(Beginning of INPUT DATA)

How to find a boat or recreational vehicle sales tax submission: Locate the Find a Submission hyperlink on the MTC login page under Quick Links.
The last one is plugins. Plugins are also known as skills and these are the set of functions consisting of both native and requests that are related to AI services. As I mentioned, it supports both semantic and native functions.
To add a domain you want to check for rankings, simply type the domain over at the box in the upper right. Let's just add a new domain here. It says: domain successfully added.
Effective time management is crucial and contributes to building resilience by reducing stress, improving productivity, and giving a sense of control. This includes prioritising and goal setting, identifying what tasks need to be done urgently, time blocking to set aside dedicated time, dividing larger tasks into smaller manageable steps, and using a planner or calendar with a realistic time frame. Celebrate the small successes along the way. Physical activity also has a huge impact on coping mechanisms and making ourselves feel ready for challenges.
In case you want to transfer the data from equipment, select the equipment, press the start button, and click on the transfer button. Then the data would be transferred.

(End of INPUT DATA)
(Beginning of INPUT DATA)

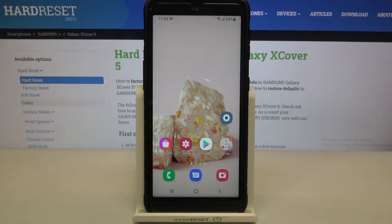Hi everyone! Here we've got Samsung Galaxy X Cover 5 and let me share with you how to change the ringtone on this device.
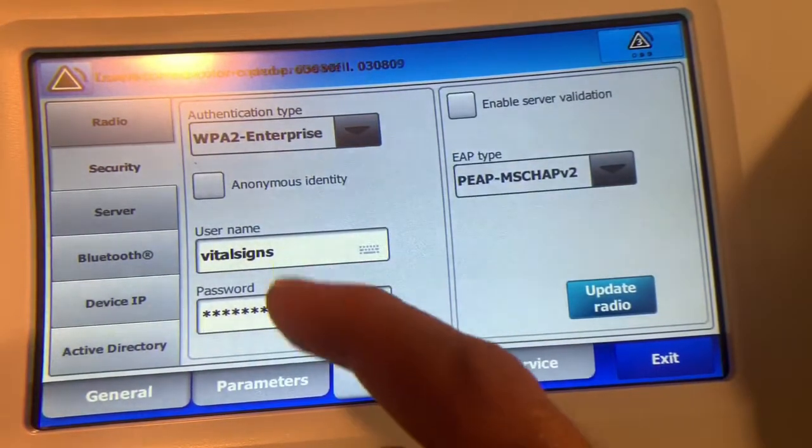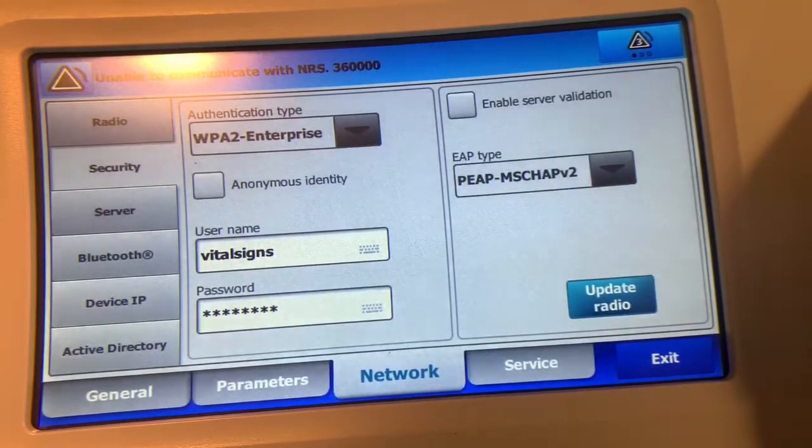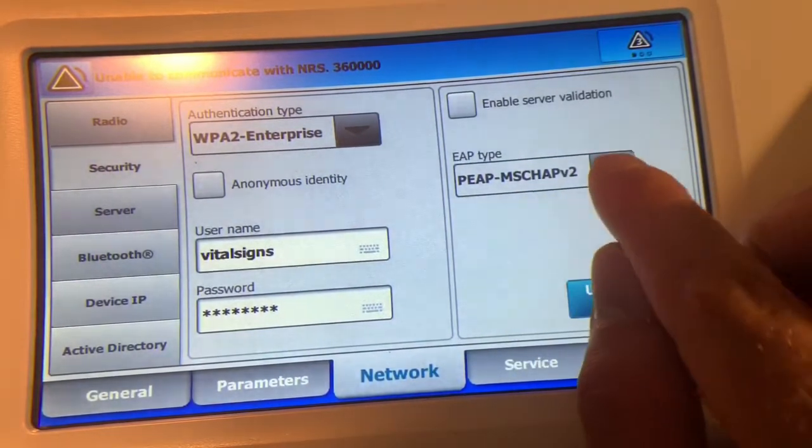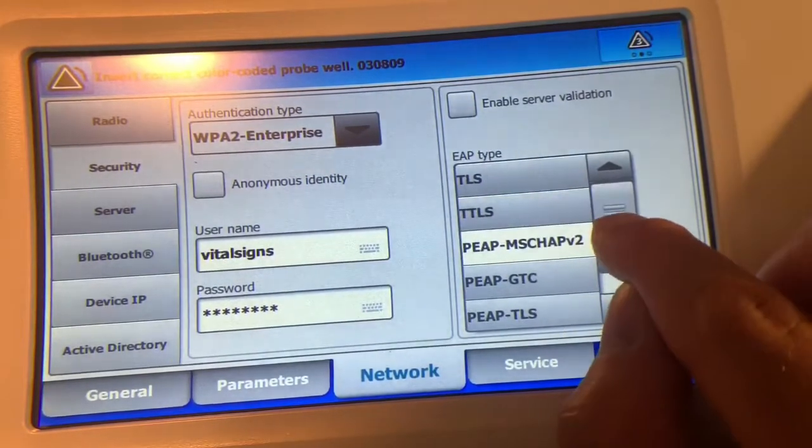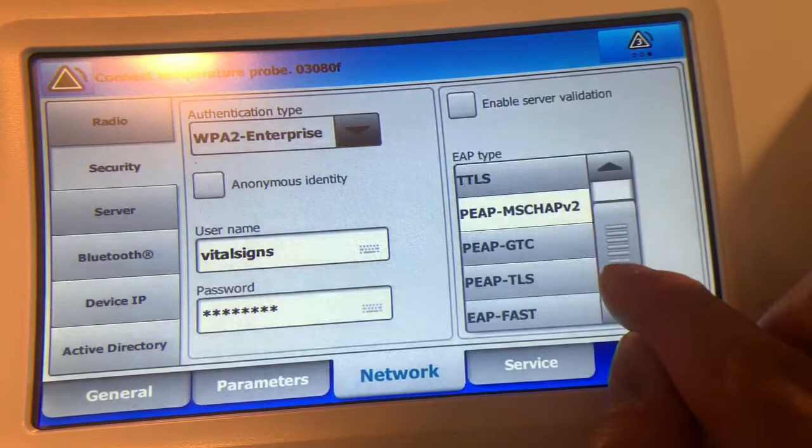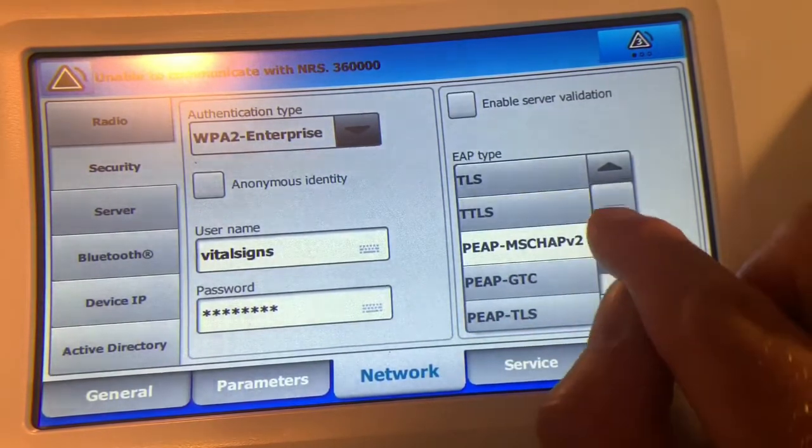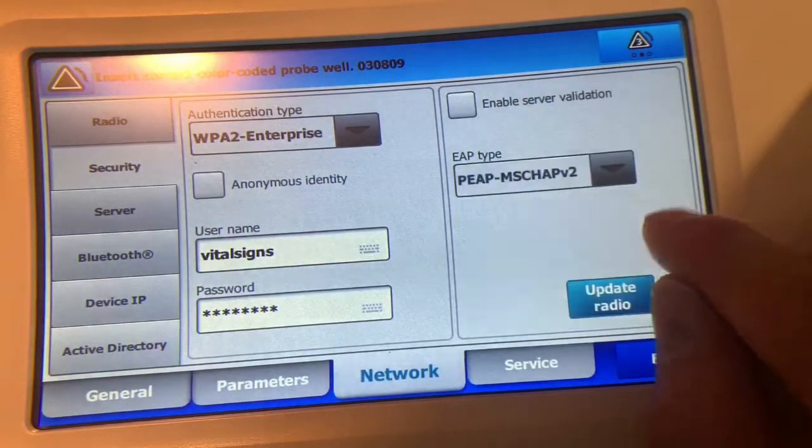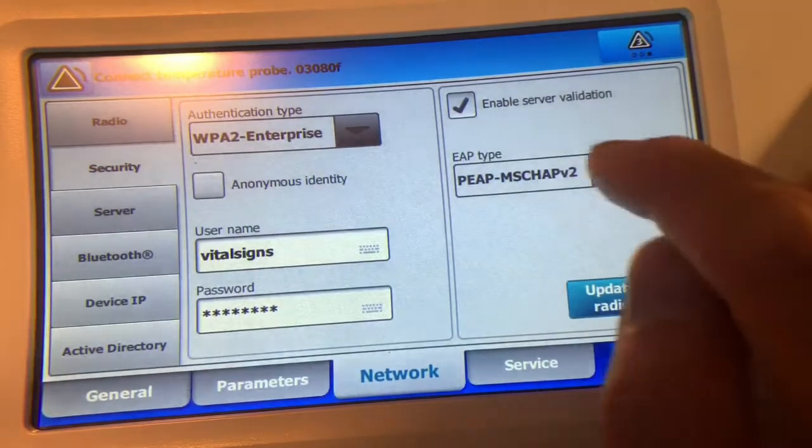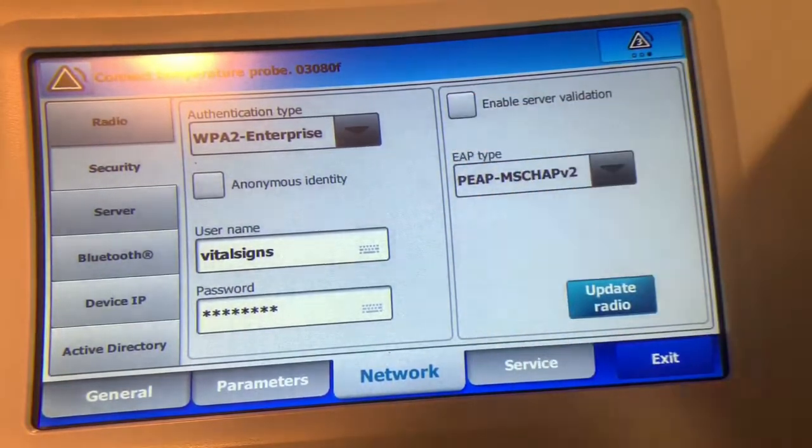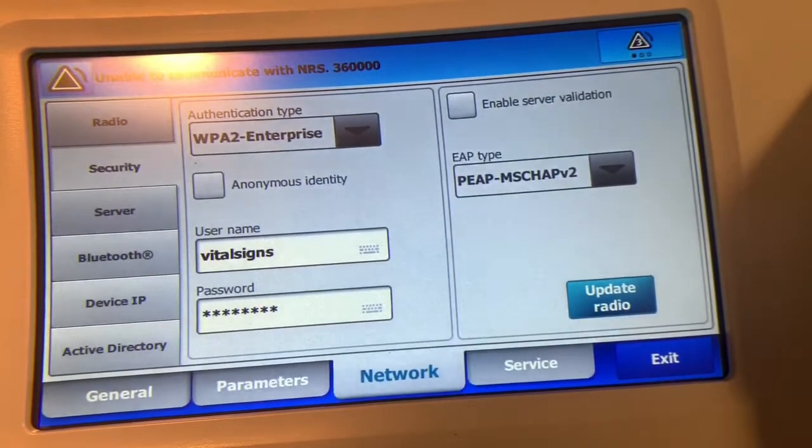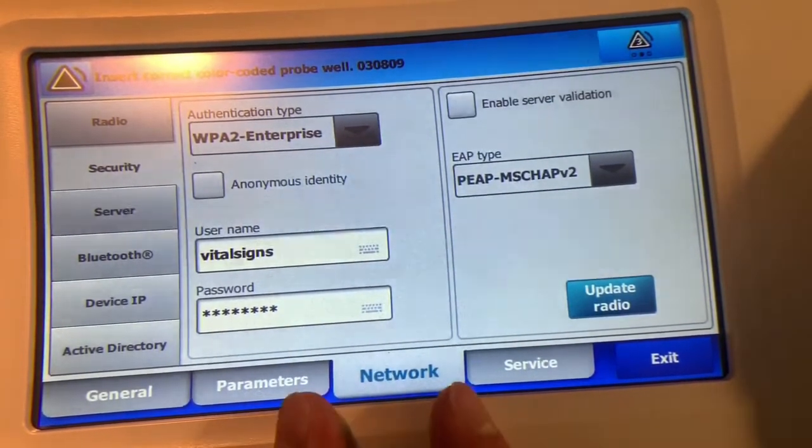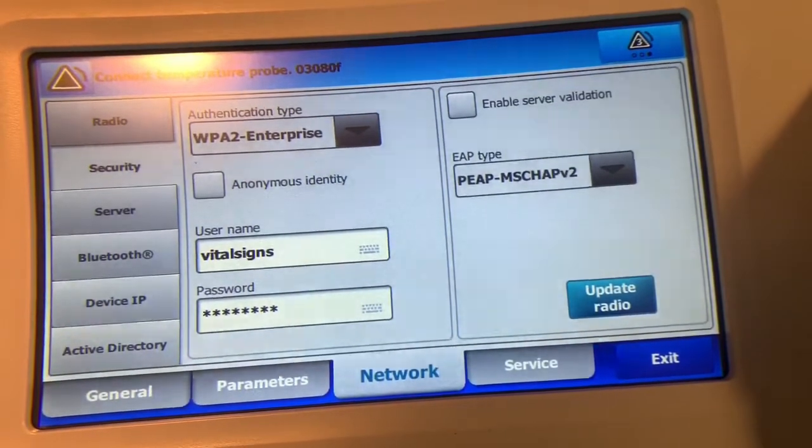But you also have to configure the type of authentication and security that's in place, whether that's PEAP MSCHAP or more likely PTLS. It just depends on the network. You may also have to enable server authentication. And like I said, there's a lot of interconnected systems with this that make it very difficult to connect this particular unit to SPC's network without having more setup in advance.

(End of INPUT DATA)
(Beginning of INPUT DATA)

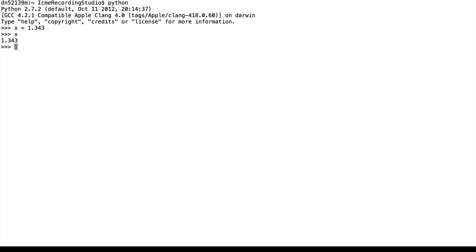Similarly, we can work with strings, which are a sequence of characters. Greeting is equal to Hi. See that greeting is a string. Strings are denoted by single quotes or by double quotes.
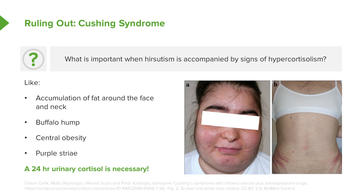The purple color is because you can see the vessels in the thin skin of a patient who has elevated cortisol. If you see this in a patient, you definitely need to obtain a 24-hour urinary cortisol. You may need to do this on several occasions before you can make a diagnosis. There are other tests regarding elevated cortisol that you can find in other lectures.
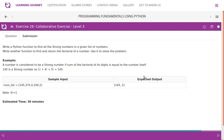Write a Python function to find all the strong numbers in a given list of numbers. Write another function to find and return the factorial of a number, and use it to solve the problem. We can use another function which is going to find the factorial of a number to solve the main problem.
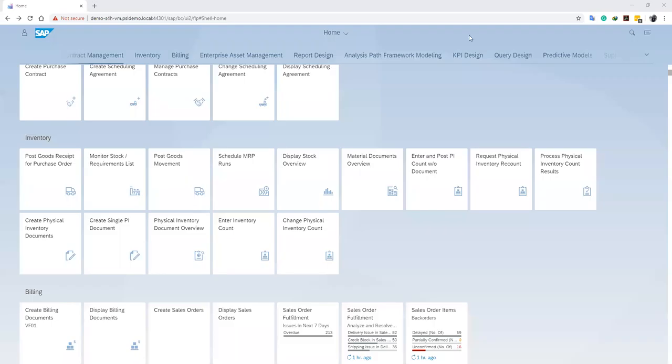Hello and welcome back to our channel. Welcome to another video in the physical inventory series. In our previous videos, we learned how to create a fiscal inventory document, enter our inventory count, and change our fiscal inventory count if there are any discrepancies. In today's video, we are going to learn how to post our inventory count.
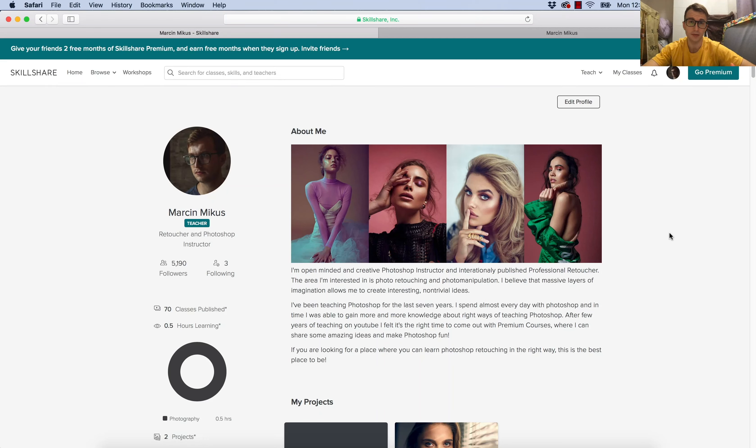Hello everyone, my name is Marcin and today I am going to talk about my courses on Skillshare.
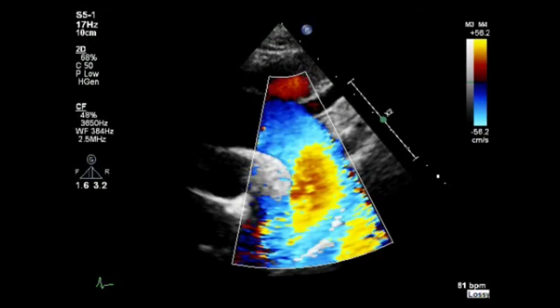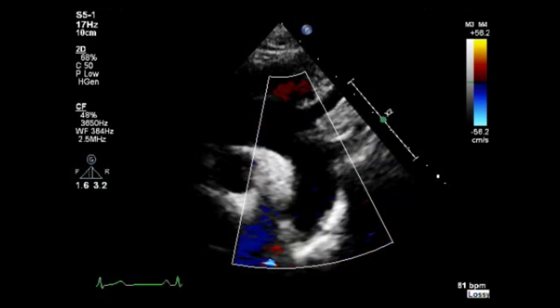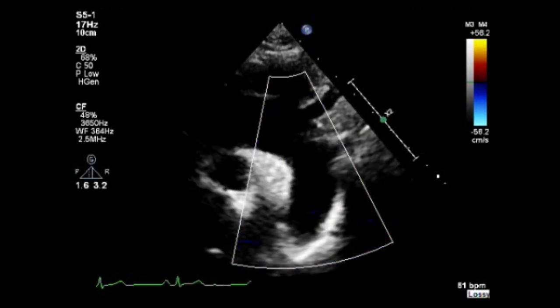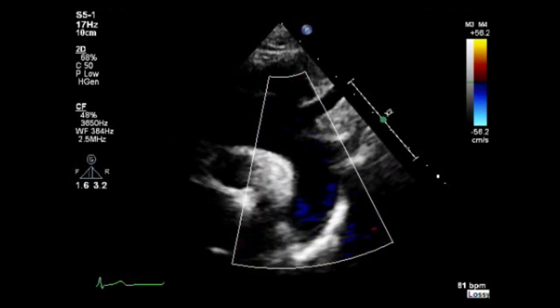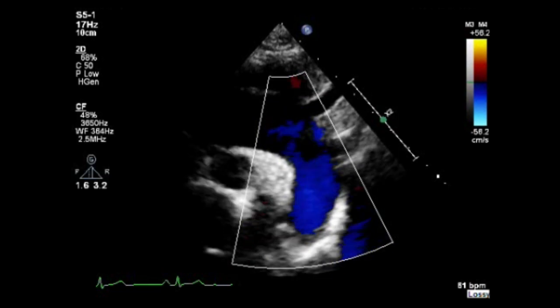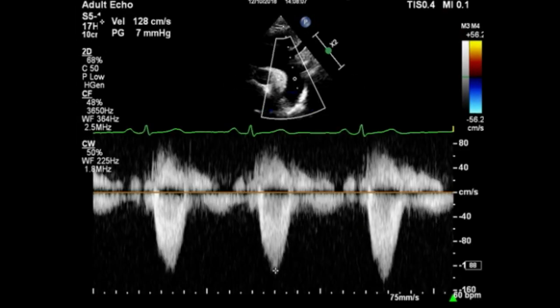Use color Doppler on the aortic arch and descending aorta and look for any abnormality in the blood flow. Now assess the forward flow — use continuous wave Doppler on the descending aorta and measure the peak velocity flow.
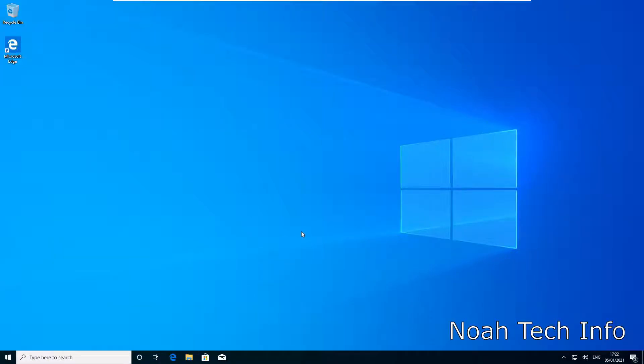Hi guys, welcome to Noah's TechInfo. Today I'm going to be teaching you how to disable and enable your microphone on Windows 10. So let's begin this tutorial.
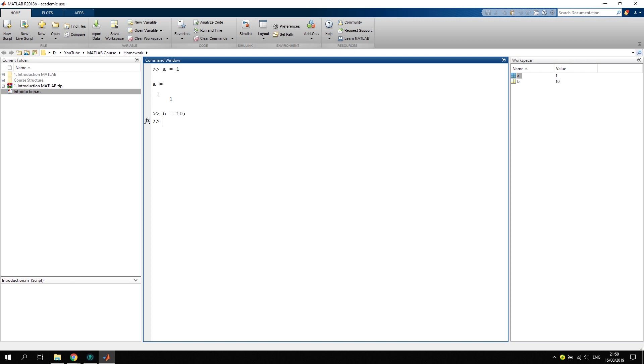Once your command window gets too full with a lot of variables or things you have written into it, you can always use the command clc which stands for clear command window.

(End of INPUT DATA)

AIM OF THE TASK
After locating the line with "Effective time management" in the material above, return it and each line after it exactly, ending at the line with "In case you".

WRITTEN SOLUTION
Effective time management is crucial and contributes to building resilience by reducing stress, improving productivity, and giving a sense of control. This includes prioritising and goal setting, identifying what tasks need to be done urgently, time blocking to set aside dedicated time, dividing larger tasks into smaller manageable steps, and using a planner or calendar with a realistic time frame. Celebrate the small successes along the way. Physical activity also has a huge impact on coping mechanisms and making ourselves feel ready for challenges.
In case you want to transfer the data from equipment, select the equipment, press the start button, and click on the transfer button. Then the data would be transferred.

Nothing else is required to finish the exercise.